Your goal. Only the lines below from the one containing "alternate_costume ange_(princess_principal) dress" to the one containing "Watch Accessories POLAR" should be repeated, both included and unchanged.

Provided records.
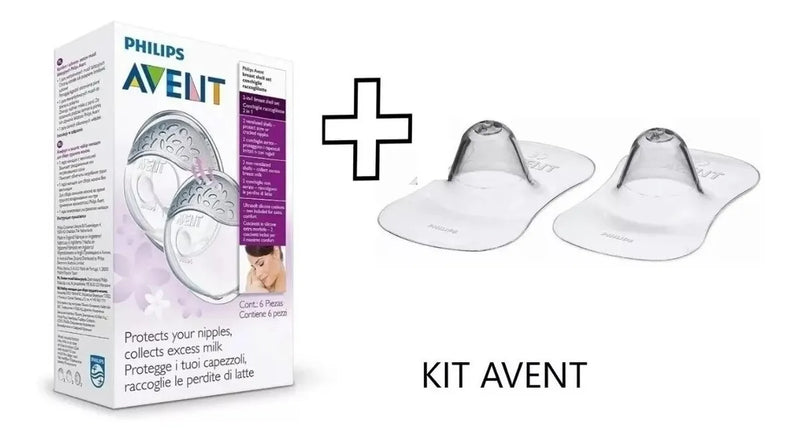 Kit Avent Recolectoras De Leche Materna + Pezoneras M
---
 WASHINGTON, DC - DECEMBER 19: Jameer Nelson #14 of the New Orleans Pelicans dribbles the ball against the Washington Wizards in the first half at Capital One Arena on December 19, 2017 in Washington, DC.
--
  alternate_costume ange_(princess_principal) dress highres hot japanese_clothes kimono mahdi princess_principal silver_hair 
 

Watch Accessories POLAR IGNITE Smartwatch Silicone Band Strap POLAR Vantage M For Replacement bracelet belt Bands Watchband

Finished task.
  alternate_costume ange_(princess_principal) dress highres hot japanese_clothes kimono mahdi princess_principal silver_hair 
 

Watch Accessories POLAR IGNITE Smartwatch Silicone Band Strap POLAR Vantage M For Replacement bracelet belt Bands Watchband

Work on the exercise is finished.